Uitvaartcentrum Zuid, dinsdag 10 mei 2016, 14.30 uur
dichter van dienst: Maria Barnas
Van Bokhoven meldt het overlijden van de man die op zaterdag 30 april om het leven kwam bij de brand in de voormalige Tabakspanden, aan de Wijdesteeg. Een van de laatste grote kraakpanden in het hart van de stad, de Spuistraat, vorig jaar ontruimd en inmiddels grotendeels gesloopt. Dat was groot nieuws. De brand leek te zijn aangestoken. Er zijn vage beelden van een man die over de steigers die wat er van de panden restte bekleedden heen en weer liep, danste, en uiteindelijk naar beneden sprong. Deze man.

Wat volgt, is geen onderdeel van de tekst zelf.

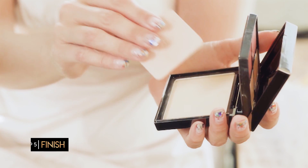So the last step, you flip this over. The little puff is right here. There's a translucent powder. Put a little bit on your puff — this is just to set the makeup. Just a tiny little dab, and voila. 60 seconds to perfect.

Hulpdiensten konden zijn sprong niet voorkomen. Van Bokhoven stuurt me het dossier dat de Dienst over hem heeft aangelegd. N.G.O., geboren op 3 januari 1965 te Lübeck, Duitsland, woonachtig in Berlijn, op bezoek in Amsterdam. Daar moet iets grondig zijn misgegaan. In eerste instantie ben je geneigd te denken: dat zal een ouwe kraker wezen, boos over de afbraak van wat ooit zijn leven vormgaf, ik bestudeerde de beelden met een lichte huivering: ken ik die man? Nee dus.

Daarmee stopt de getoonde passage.